On another note, I had a rather upsetting conversation with my wife today. I told her that if she wants me to have my office here in the apartment and if she wants me to forgo renting office space, she needs to understand that I'm at work even when I'm not sitting at the computer in our small closet. I need to be at work at 8am and not 10:30am or 11am as has been the case these past two weeks. I can't be taking our son to school or babysitting a screaming toddler who needs attention while she goes shopping as if she only has a newborn. If I am going to do this (start a practice), then I need to do it wholeheartedly. That means that she needs to treat me as if I'm working even when I take a break or walk around the house. Much of being productive happens when you're not typing away at the computer, or making phone calls. It's the downtime that allows for so much uptime, I told her. She coldly looked at me and said, "okay, if you're at work, then I'm getting a maid." I told her to do whatever she wants to do, so I suppose we're getting a maid now. Wouldn't it be nice if I had the income to make that possible? So far it's zilch.
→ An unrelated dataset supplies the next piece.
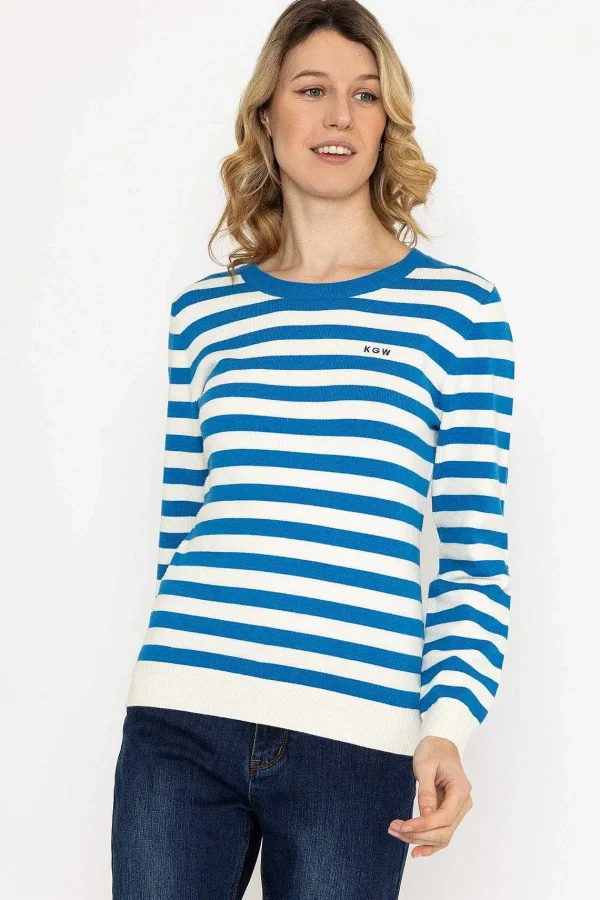 Kelly & Grace Weekend Stripe Crew Neck In Navy*Women Jumpers & Cardigans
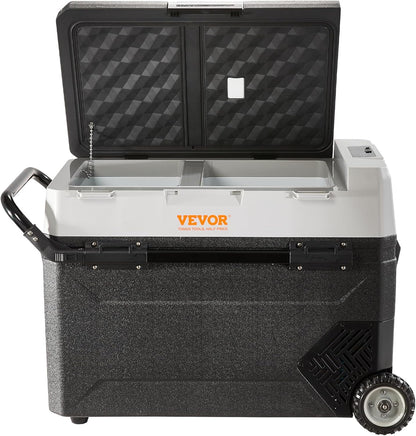 Glacière Électrique Portable De 38 L Réfrigérateur De Voiture Portable 12/24 V CC 100-240 V CA Frigo Voiture Double Zone 0,708 Kw.H -20 °C À 10 °C Réglable Congélateur Pour Camion Bateau Camping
On top of that, we've been having disagreements all night. It seems that everything I say irks her and that's not fair because I don't want to be shut up every time I want to have a conversation with her. She treats me nastily and I don't know how to react -- do I react with sadness? anger? do I stand up and leave? For most of the evening, I shook off the anger she was throwing at me. When I asked her why she was acting so angry (she was looking at job postings all night), she retorted with some witty angry comment. If I was a bit less tired, I would have been hurt, but instead, I stood up and walked into my office (yes, I'm sitting on the floor of our walk-in closet in our two-bedroom apartment.) I think it all started this afternoon when I was reminding her that whatever we pay into day care, she needs to match in income by the end of the year, or else we lose all of the income tax deduction, as we did this year. We lost out on hundreds of dollars because my wife didn't work. I wasn't criticizing her, but nevertheless she still blew a fuse.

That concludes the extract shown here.